Okay I WAS going to leave this alone, but now....ha. I'm a VIP so I can say whatever I want? What?? I'm disagreeing with you, then in order to end this lil argument, I said my piece. Me being a VIP has nothing to do with me being able to express my opinion good sir, nothing at all.

What confuses me is how you seem to think that pit owners should be the exception to the rule that humans make mistakes. Even well established breeders with hardcore kennel setups have dogs that get out. Ever heard of a "yard accident" where a dog gets loose and gets after another dog? I'm sure that it was all the owners fault and he/she was irresponsible, right? NO mistakes/accidents HAPPEN. To expect anything different is absurd. I understand that our dogs should be contained properly, but dogs do escape, it happens. You make me laugh....really do...


----------



## davidfitness83 (Jul 7, 2009)

Wingman said:


> Okay I WAS going to leave this alone, but now....ha. I'm a VIP so I can say whatever I want? What?? I'm disagreeing with you, then in order to end this lil argument, I said my piece. Me being a VIP has nothing to do with me being able to express my opinion good sir, nothing at all.
> 
> What confuses me is how you seem to think that pit owners should be the exception to the rule that humans make mistakes. Even well established breeders with hardcore kennel setups have dogs that get out. Ever heard of a "yard accident" where a dog gets loose and gets after another dog? I'm sure that it was all the owners fault and he/she was irresponsible, right? NO mistakes/accidents HAPPEN. To expect anything different is absurd. I understand that our dogs should be contained properly, but dogs do escape, it happens. You make me laugh....really do...

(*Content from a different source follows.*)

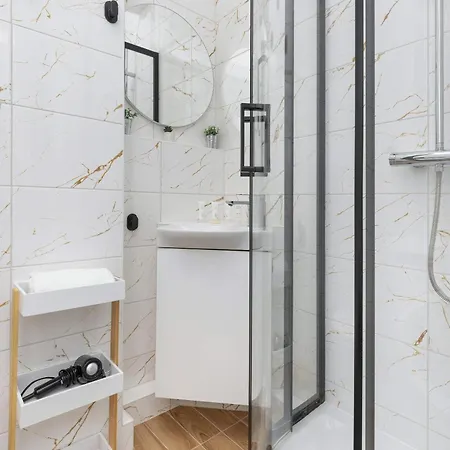 Sloneczny Z Pieknym Widokiem, Balkon & Parking By Renters Apartmán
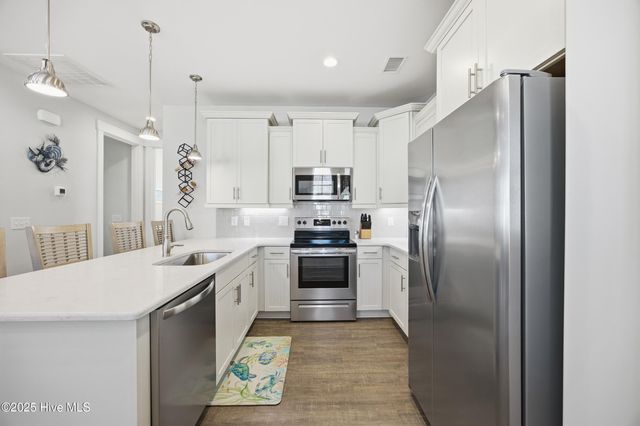 2220 Bungalow Parc Way, Calabash, NC 28467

I am not talking about yard accidents, I am talking about a dog hoping out of a fence or a door going out to the public where it can be a danger to people and dogs.

A yard accident is a little different than that because it is in your property with your own dogs and having a bunch of DA dogs living in the same space it is bound to happen. So I am not talking about that at all..


----------



## Wingman (Oct 21, 2009)

David are you serious? I think we all understand that a loose pit is NO GOOD, but you seem to think that accidents can't happen. And you seem to be so eager and willing to condem and owner who's dog does "escape". They don't call it an "escape" because you wanted it to happen. From the looks of the dog, it was well fed and respectibly cared for, so you assuming that it was just another dumb owner who lazily monitored there dog is ridick. You know what they say about assuming?


----------



## DueceAddicTed (Sep 28, 2009)

VIP doesn't mean you can say anything you want, it just means you have access to the VIP section and in there you can use what ever desired language you want or voice your opinion totally free of editing even if its insulting.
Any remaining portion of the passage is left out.